A majority of an expanded nine-justice panel of the High Court of Justice on Tuesday endorsed the police’s authority to access all data on the cellphones of two aides of former prime minister Benjamin Netanyahu to probe them on charges of witness intimidation.
At the same time, the majority of the justices strongly criticized the police for the slow pace of fixing errors they were making in improperly invading the privacy of suspects regarding cellphones and other electronic devices.
Justice Yosef Elron went even farther than the majority’s criticism, dissenting and finding the police’s misconduct sufficient to penalize them regarding access to the cellphones in dispute.
The prosecution spokeswoman was unsure at press time whether an indictment would be issued or not, and by when the decision would be made.
In July 2021, the High Court hearing on the issue was broadcast live because of its profound legal implications, and the Israel Bar Association and the Public Defender’s Office came out in support of Netanyahu’s advisers’ position.
In mid-February 2021, Netanyahu aides Ofer Golan and Yonatan Urich requested that High Court President Esther Hayut allow them a rare hearing before a broad panel of the court, a request she granted.
On January 26, 2021, a three-judge panel of the High Court endorsed the police’s authority to access all data on the two Netanyahu aides’ cellphones.

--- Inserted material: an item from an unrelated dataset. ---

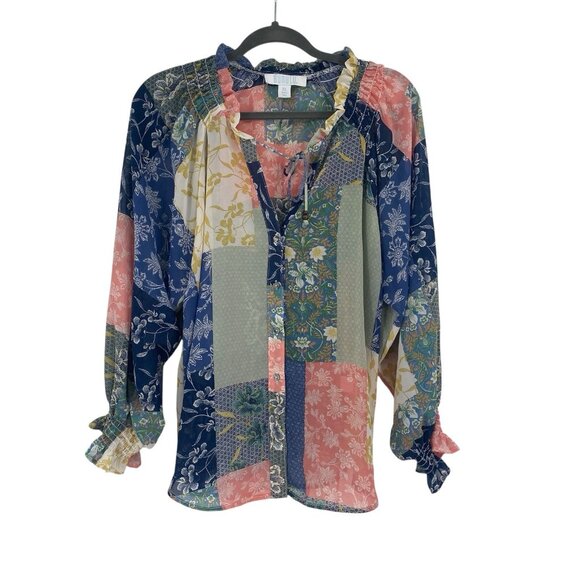 Bunulu Women's XL Mixed Print Boho Peasant Smocked Beaded Tie Front Blouse Sheer - Picture 2 of 13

The two allegedly were involved in efforts to intimidate former top Netanyahu aide turned state’s witness Shlomo Filber from following through with his plan to accuse his former boss of corruption.
Golan and Urich’s lawyer, Amit Hadad, said that though they were disappointed by the High Court’s ruling, they were gratified that the court had set new and stricter rules for the handling of suspects’ cellphones.
Further, they expressed hope that the prosecution would abandon the case with no indictment.
Generally, broader panels of the High Court are granted only on constitutional issues, but Golan and Urich claimed that the specific legal questions pertaining to the police accessing their cellphones had not been decided until now and did have major constitutional implications.
Essentially, their lawyer, Hadad, who also represents Netanyahu in his public corruption trial, said in July 2021 that police had gotten the suspects’ agreement to search their cellphones, but under false pretenses.
Hadad said the police were obligated to caution the suspects that they could refuse, in which case law enforcement would have had to seek a court-approved warrant.
In addition, Hadad said the police asking for access to suspects’ cellphones without informing them of their right to refuse is a systemic problem, and that the High Court must deny law enforcement use of the data they obtained to teach them a lesson.
At a broader level, Hadad argued that suspects should also be allowed to have lawyers present when the police ask a court for such search warrants, and that there should be special early appeal rights in such cases because of the deep violation of privacy.